I'm doing CBT right now and although it's helpful, I find it quite superficial. It's a generalized set of strategies which doesn't address many personal issues, beliefs or experiences. I certainly don't think it caters to every mindset or situation. However; committing to it does give you a sense of progress, you just need to link it to a deeper sense of purpose in your life. That kind of motivated worldview has to be developed outside of therapy, I believe.


----------



## Skylynx (May 30, 2014)

*I hate the word, "Cognitive"*

My title just expressed it. I hate the word, "Cognitive". That right there tells me all I need to know about CBT. :mum


----------



## Jack362818 (Jul 1, 2014)

I found CBT helpful for my panic attacks. I still get the symptoms of them but I have learnt to ride them out without freaking out like I used to.
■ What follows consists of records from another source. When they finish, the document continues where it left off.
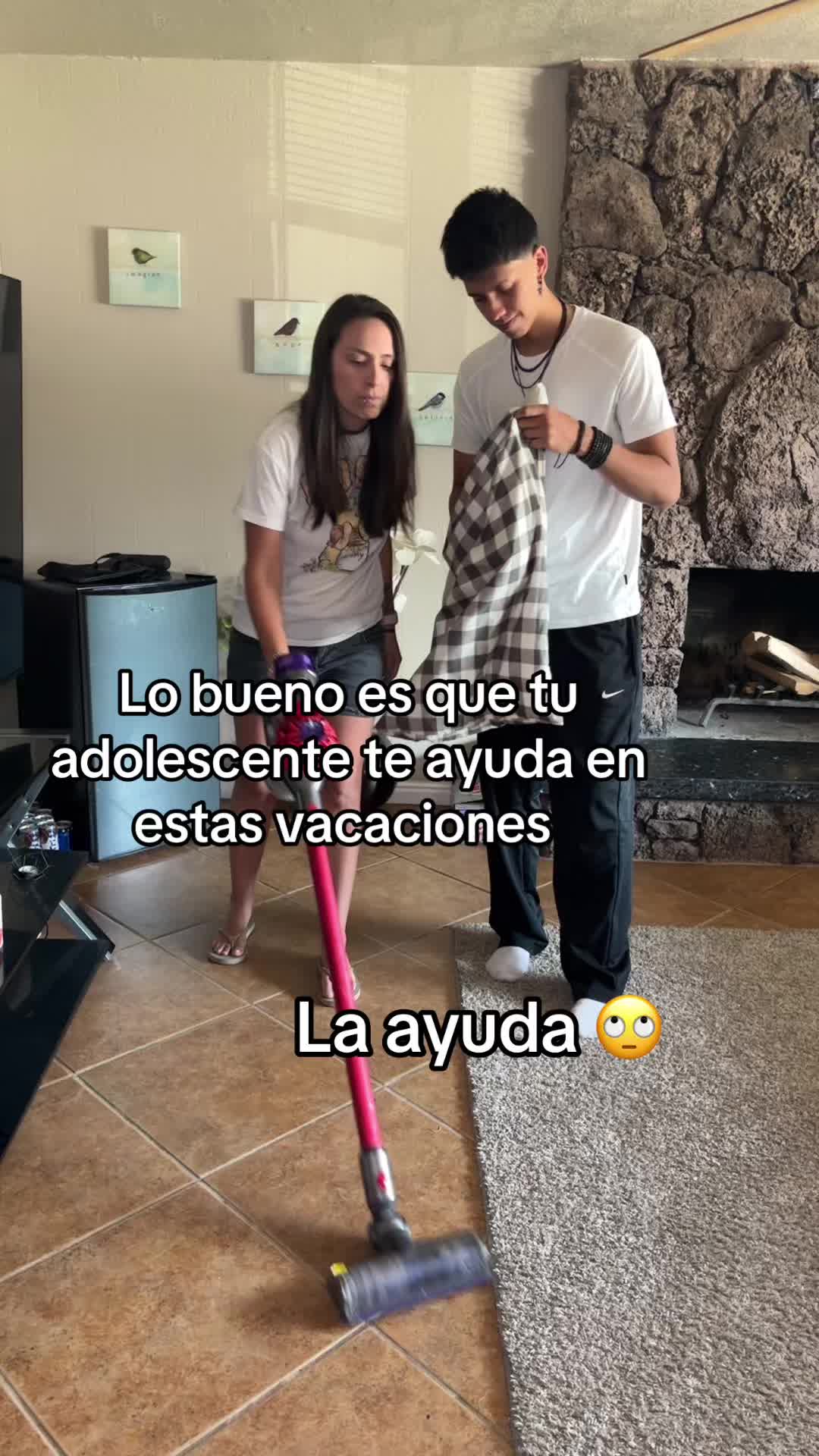 @Mama Latina Moderna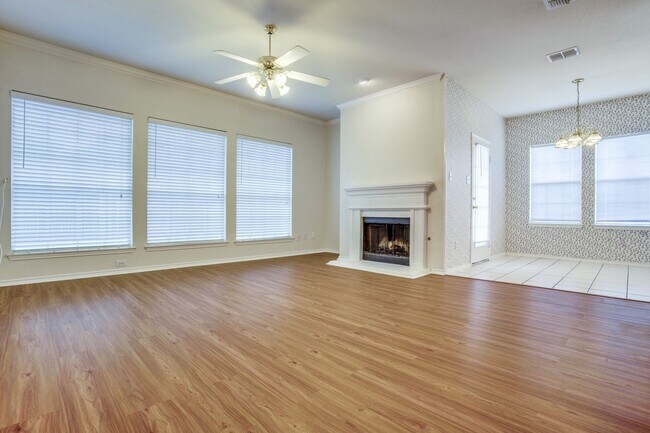 Building Photo - Amazing Coppell Pad For Rent!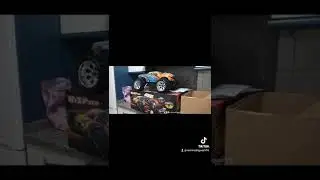 hsp savagery 1:8 brushless motor 2600 kv esc 100 amp lipo 4s...90km/h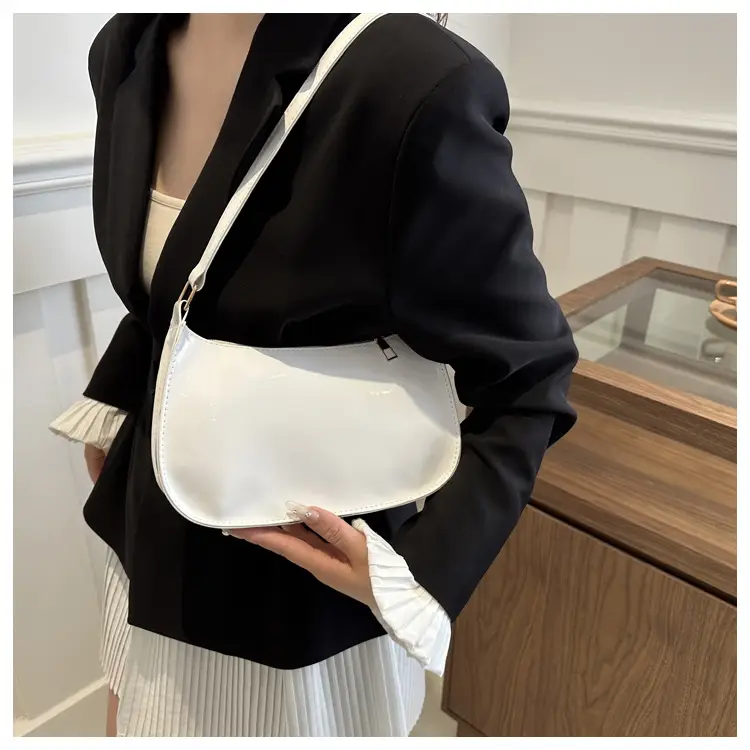 Black Korean Style Shoulder Bag for Women 2024 — feature 13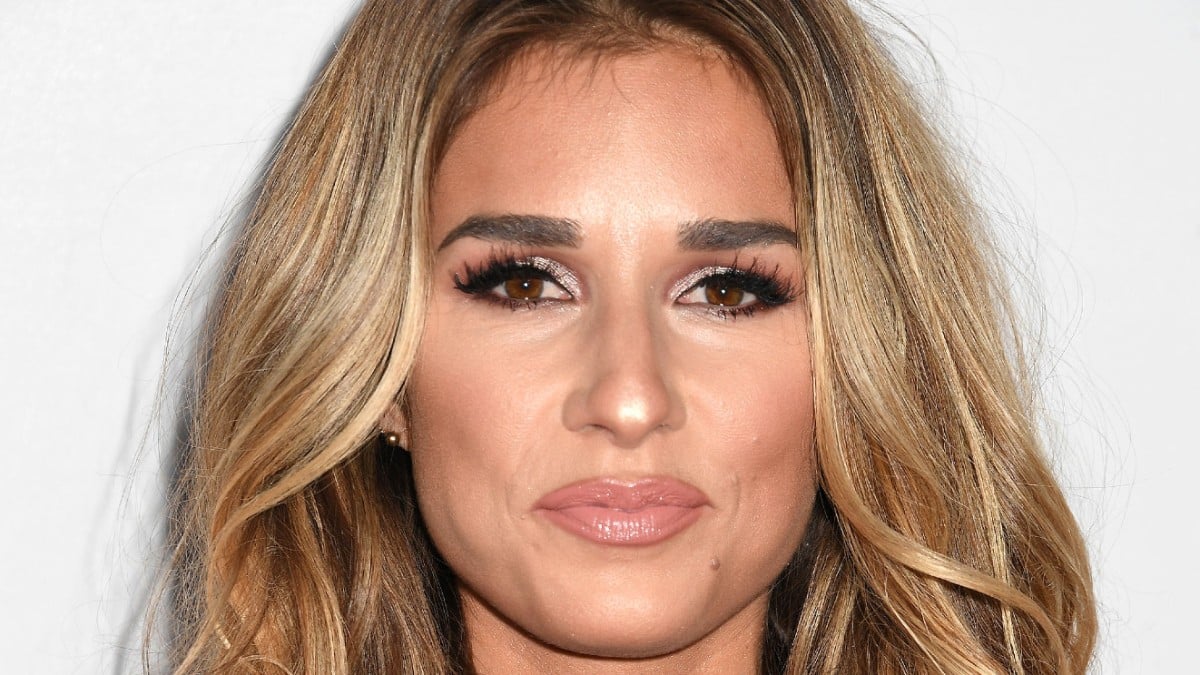 Jessie James Decker poses at an awards show.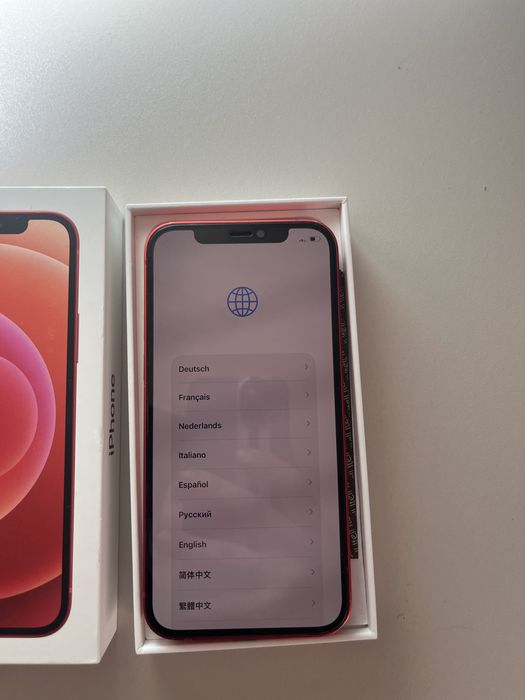 ipone 12 красного цвета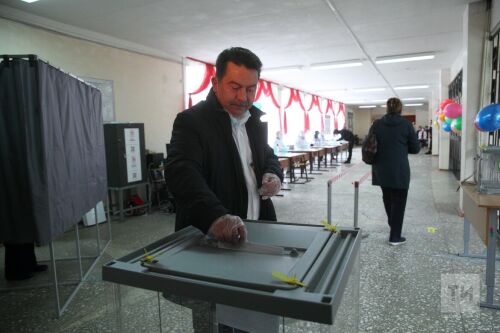 Марат Садыков проголосовал на думских выборах и осмотрел кабинет вакцинации на участке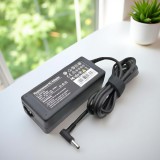ASUS/FUJITSU/TOSHIBA laptop töltő adapter - 65W (20V 3.25A csatlakozó átmérő: 5,5mm/2,5mm) - UTÁNGYÁRTOTT
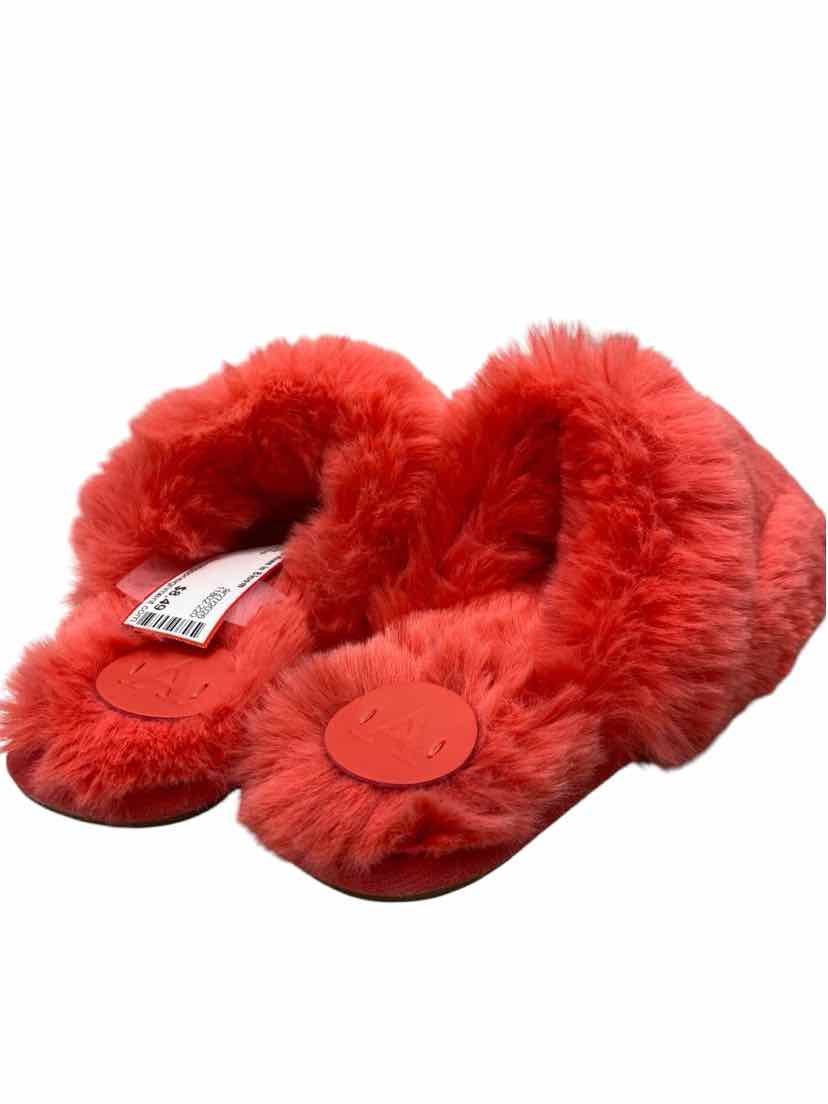 A Ladies Size S/M Slippers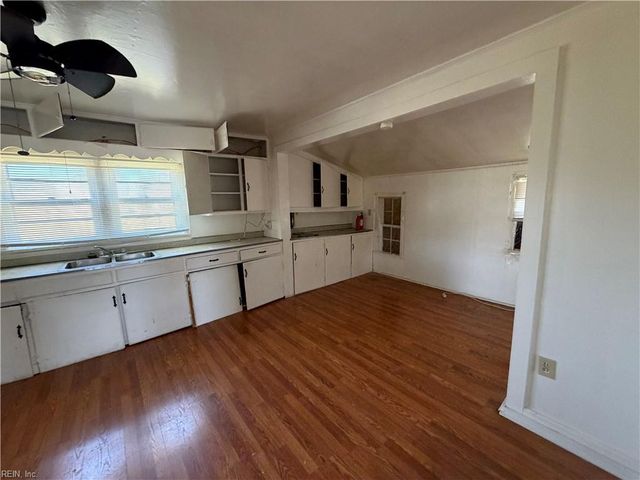 1017 Longstreet LN, Suffolk, VA 23437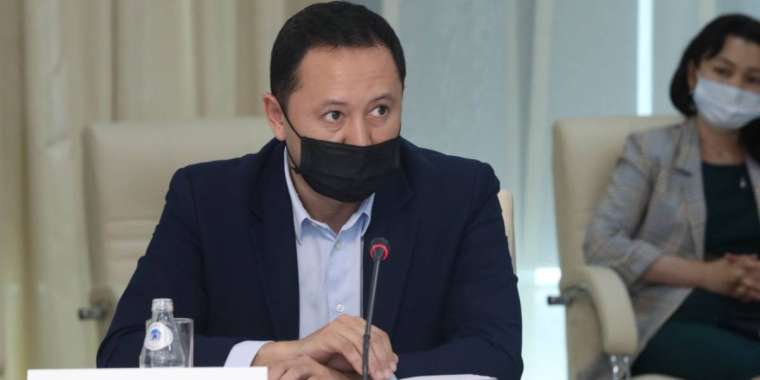 Праймеризге келген жастар билікті ішінен өзгертеді деп сенемін – Бағдат Қожахметов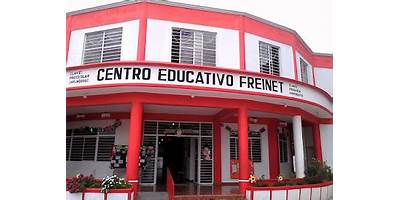 CENTRO EDUCATIVO FREINET VIVAN LOS NIÑOS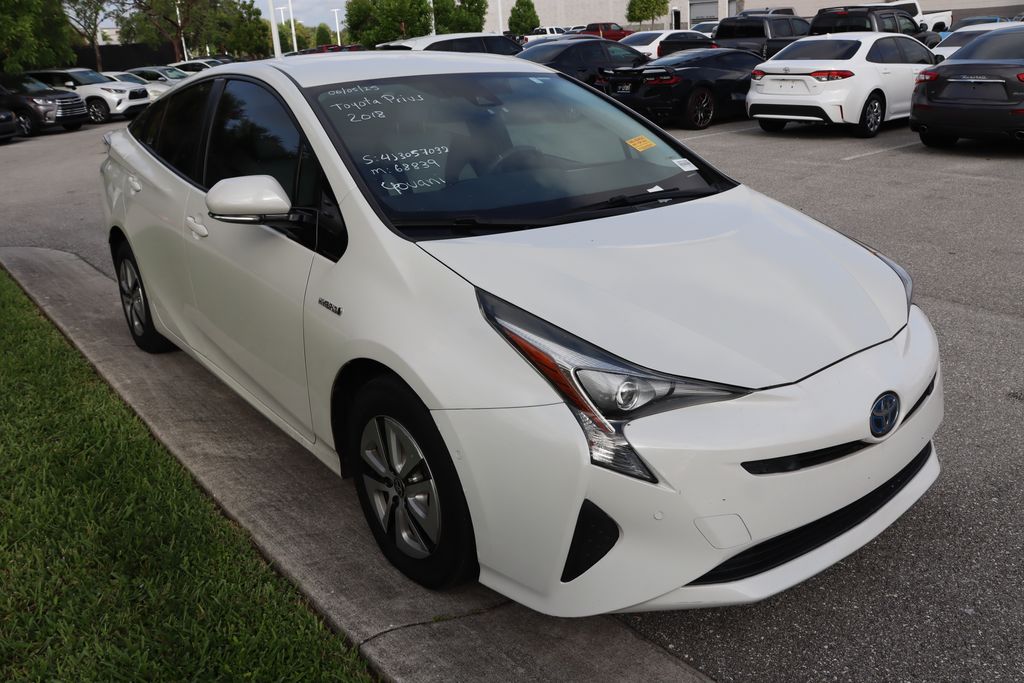2018 Toyota Prius Four 6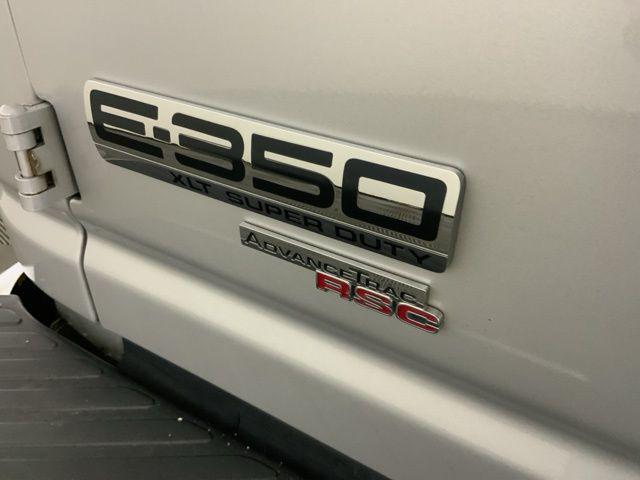 2010 Ford E-350 Super Duty XLT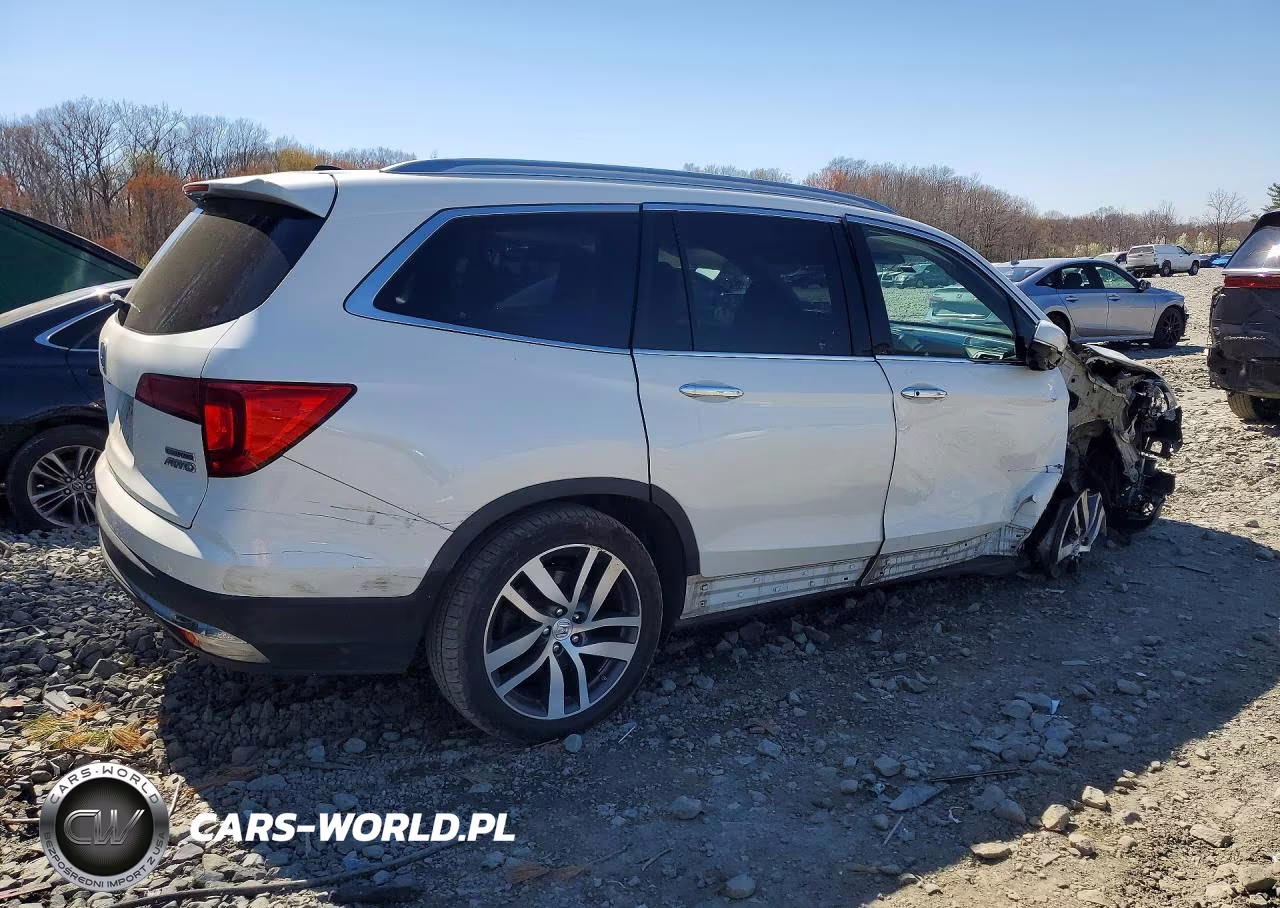 2018 Honda Pilot Touring VIN:5FNYF6H98JB020328 - 3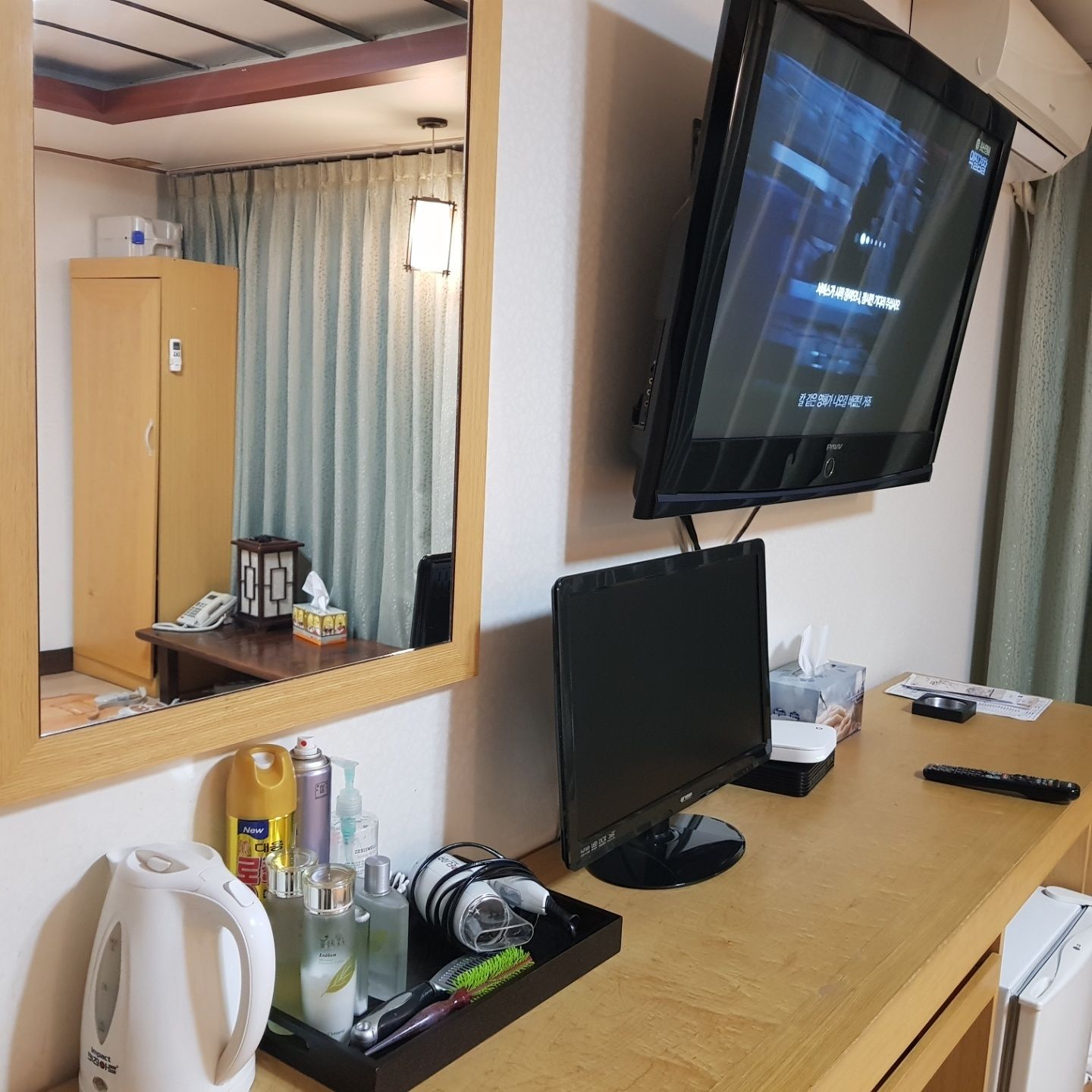 superior twin room | desk, blackout curtains, free wifi, bed sheets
My attacks feel like im having a heart attack. One good thing my therapist told me was of all the panic attacks you've had how many have actually been heart attacks? answer none

So i apply this evidence when an attack occurs and just repeat in my head "you're not having a heart attack". It doesn't stop the symptoms completely but the removal of the idea that i'm about to die makes them less severe!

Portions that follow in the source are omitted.